The state Department of Transportation really does want to build a deep-bore tunnel to replace the crumbling Alaskan Way Viaduct, right?
Why in the world, then, are transportation officials giving tunnel opponents campaign fodder by denying their request for public records?
Late last week, the group behind an Aug. 16 referendum on the tunnel went to court, supposedly to force the state to produce the latest version of the tunnel financing plan.
State officials had earlier denied the document request, invoking the “deliberative process” exemption to the public records law because the financing plan is currently being reviewed by the Federal Highway Administration.
But no need for concern, the state insists.

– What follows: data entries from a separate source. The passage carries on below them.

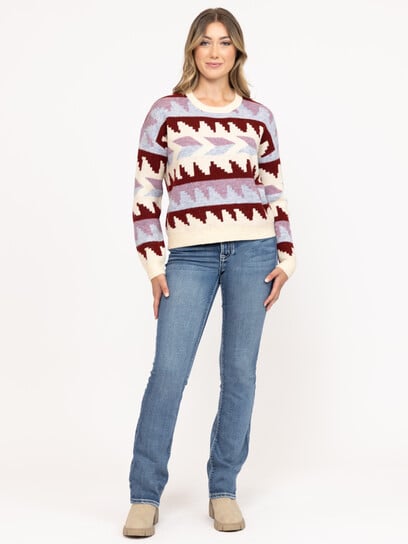 Women's Geometric Sweater Women's Geometric Sweater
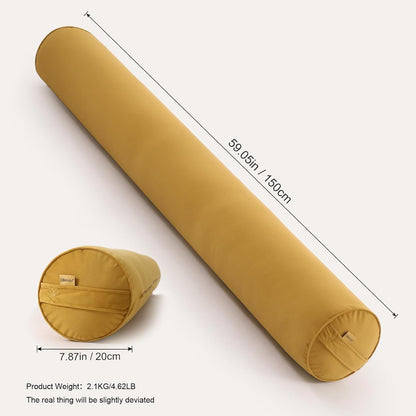 Body Pillow for Adults,Long Round Pillow,Big Cylindrical Pillow,Large Full Bolster Pillows for Side Sleepers (Steel Gray, 47.24"*7.87")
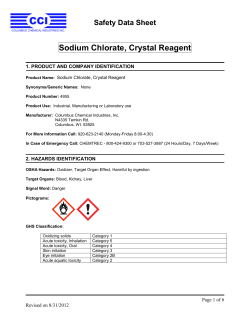 Sodium Chlorate, Crystal Reagent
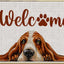 Tapete Basset Hound entrada casa 30x17"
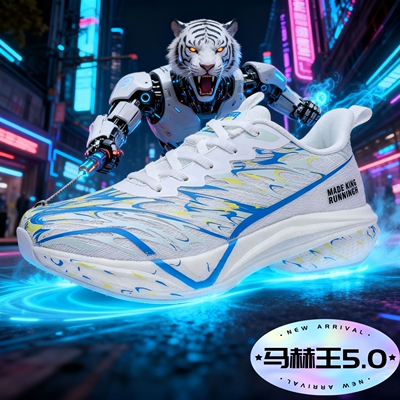 马赫跑步鞋软底学生体侧运动鞋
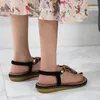 Chaussures décontractées 2024 Femmes d'été 2,5 cm plate-forme 3cm cales basse talons gladiateur sandales dame grande taille soft bling luxe en dehors de Bohemian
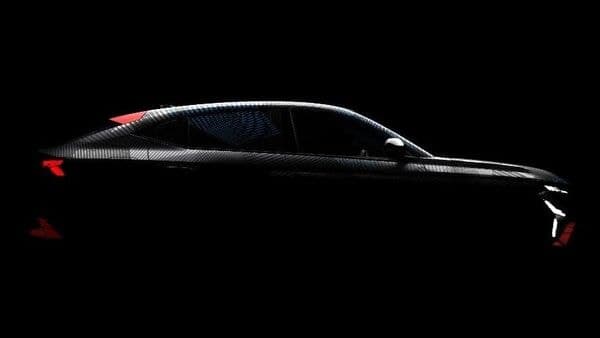 This teaser image of Rafale crossover was released by Renault.
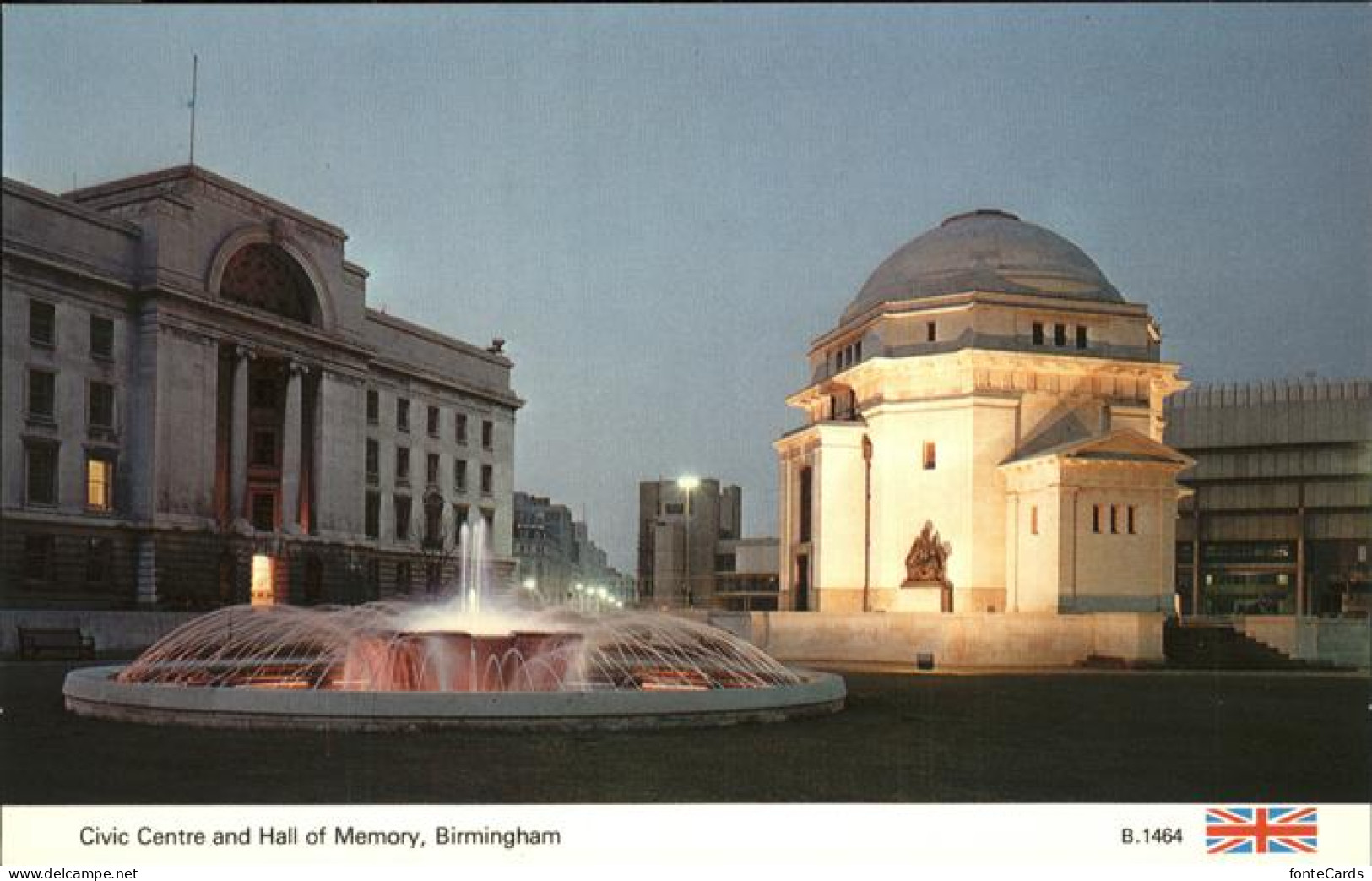 11474822 Birmingham Civic Centre Hall Of Memory Birmingham - Autres & Non Classés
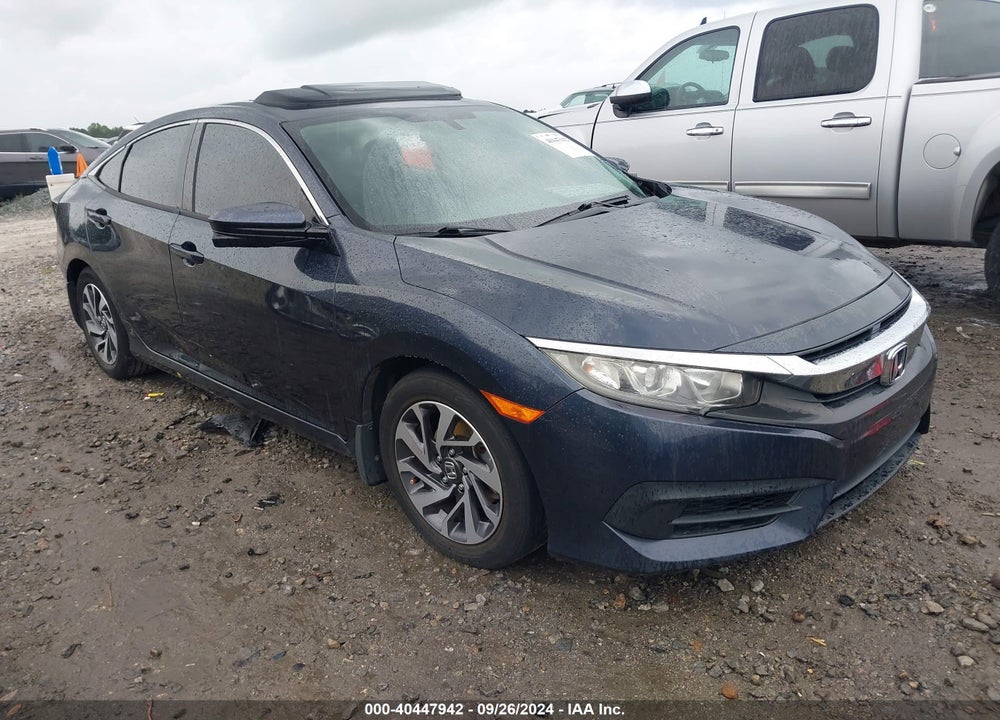 2018 HONDA CIVIC EX VIN: 2HGFC2F70JH504371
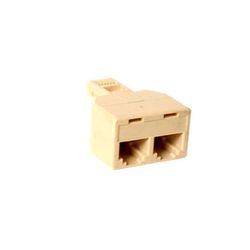 ADAPTADOR TELELEFONICO 1M-2HEMBRAS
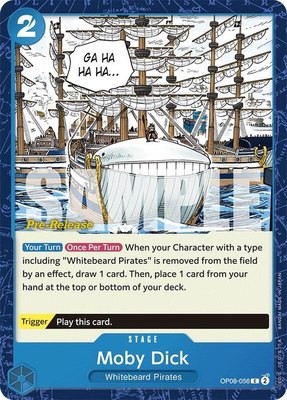 Moby Dick, Two Legends Pre-Release Cards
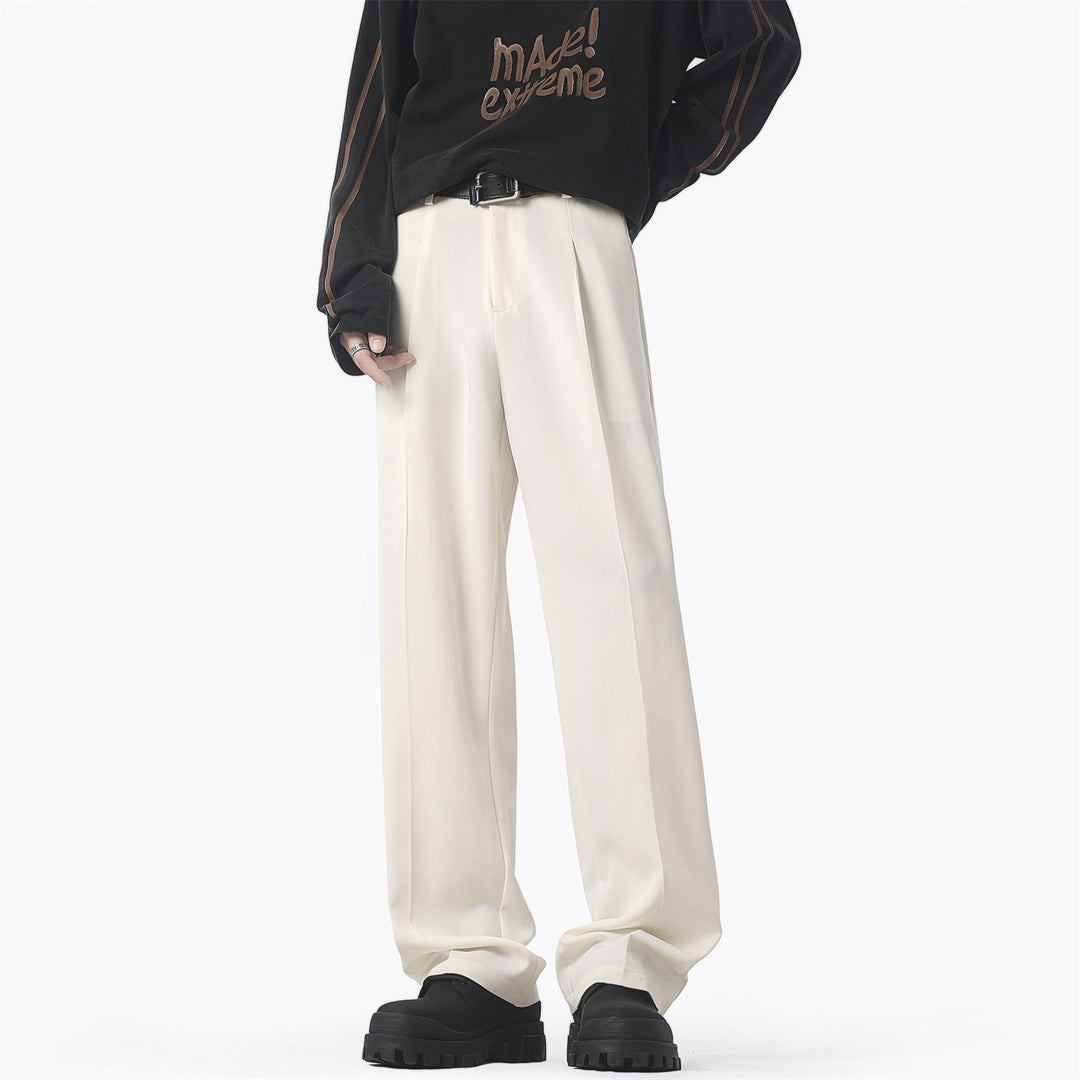 Damen Elegante und bequeme weit geschnittene Stoffhose Nord Taschen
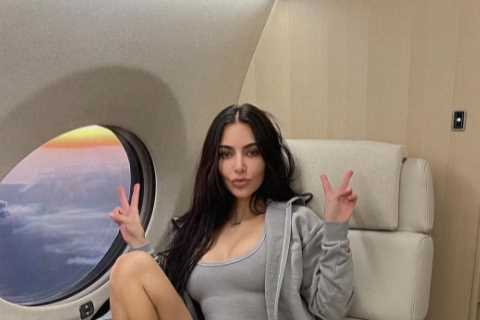 Kim Kardashian’s BFF’s daughter takes fans inside her $150M private jet including cream leather..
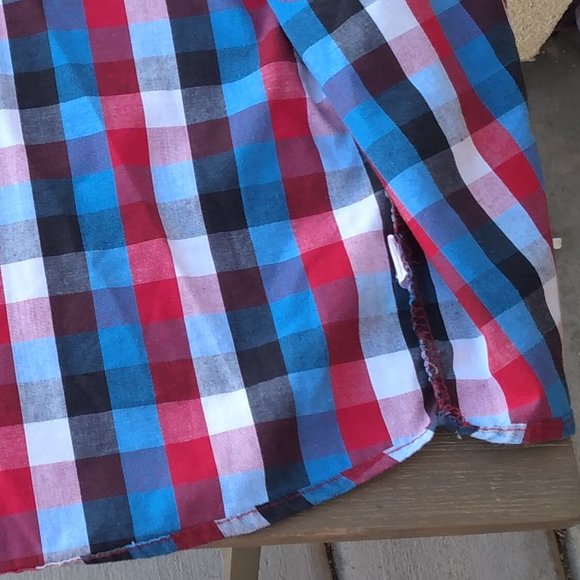 2/8 American Hero Plaid Button Up Shirt For Toddlers Size 4T - Picture 14 of 16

The plan hasn’t significantly changed from the details a DOT staffer emailed a reporter in 2009: a $4.2 billion tunnel with about $1.9 billion in interest on 25-year bonds at 5.8 percent.
As for the actual finance plan, the one submitted to the feds? The state says it will release that sometime later this month – after the election.
Good grief. Why didn’t they just go ahead and add, “Trust us, we’re from the government”?
Predictably, the anti-tunnel campaign is making hay over the denial, suggesting that the state won’t release the financing plan because a big hole has developed in its revenue projections.
And so rages the debate as Seattle voters continue to cast their ballots on Referendum 1, which asks whether the City of Seattle should give the state notice to proceed with the tunnel project.
Legally, the results of the election – another stall in Seattle’s protracted dithering over how to replace the Alaskan Way Viaduct damaged in the 2001 earthquake – mean little.
The referendum can’t stop the state from moving a state highway underground. But the political ramifications could be another matter. Gov. Chris Gregoire, a tunnel supporter, is concerned enough to email her Seattle supporters last week, urging them to vote yes on the referendum.
Transportation officials are playing games with the public records act. While the law permits an agency to refuse to release preliminary recommendations and memos, nothing requires an agency to withhold such documents.
And if there are portions that really can’t be made public for whatever reason? Well, that’s what Sharpies are for.
The Department of Transportation should quit feeding the anti-tunnel campaign its lines and release what it can – now, while on-the-fence voters are looking for reasons to trust the state’s assurances that the tunnel is their best bet.